Conformité des dispositions à l’article 2 de la DDHC
Pour conclure à la conformité des dispositions litigieuses à l’article 2 de la DDHC, le Conseil devait s’assurer que leurs atteintes au droit de propriété étaient « justifiées par un motif d'intérêt général et proportionnées à l'objectif poursuivi » (exigences posées par une jurisprudence constante, notamment Cons. const., 7 oct. 2015, n° 2015-486 QPC).
Atteinte au droit de propriété justifiée par un objectif d’intérêt général
Selon le Conseil, l’objectif d’intérêt général est établi au regard du double constat suivant :
- en permettant à une SAS de contraindre un associé à céder ses actions, « le législateur a entendu garantir la cohésion de son actionnariat et assurer ainsi la poursuite de son activité » ;
- « il ressort des travaux préparatoires de la loi du 19 juillet 2019 que, en prévoyant que l'adoption ou la modification d'une clause d'exclusion puisse être décidée sans recueillir l'unanimité des associés, il (le législateur) a également entendu éviter les situations de blocage pouvant résulter de l'opposition de l'associé concerné à une telle clause. »
On en déduit que, selon le Conseil, la poursuite de l’activité d’une société commerciale relève de l’intérêt général.
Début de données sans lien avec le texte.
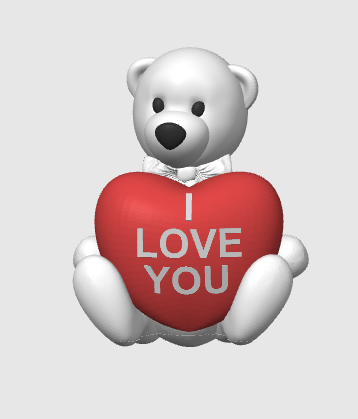 Valentine Heart Teddy Bear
Ce constat fait, on peut admettre que la poursuite de cette activité nécessite une relative cohésion de l’actionnariat susceptible de justifier, dans certains cas, l’exclusion d’un associé. Or, il est vrai qu’une telle exclusion peut nécessiter l’adoption ou la modification préalable d’une clause d’exclusion sans l’accord de l’intéressé.
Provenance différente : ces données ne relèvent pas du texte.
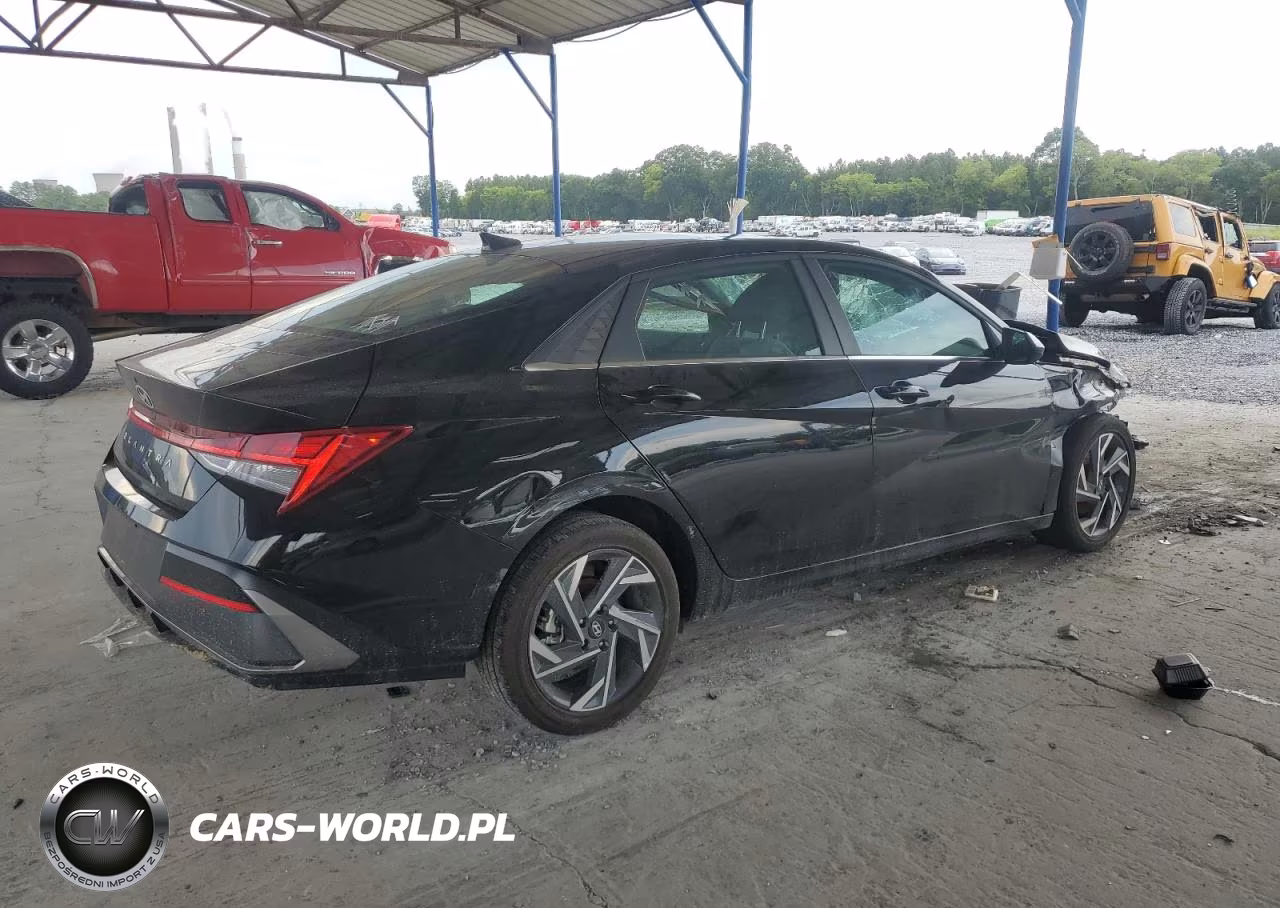 2025 Hyundai Elantra Sel Sel VIN:KMHLS4DGXSU968281 - 3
Atteinte au droit de propriété proportionnée à l’objectif poursuivi
Le Conseil conclut, enfin, que les dispositions contestées ne portent pas une atteinte disproportionnée au droit de propriété. Il fait valoir, à cet égard, diverses garanties entourant la décision d’exclusion et le rachat des actions qui en résulte. Compte tenu de leur importance, ces garanties appellent des développements autonomes (voir ci-dessous).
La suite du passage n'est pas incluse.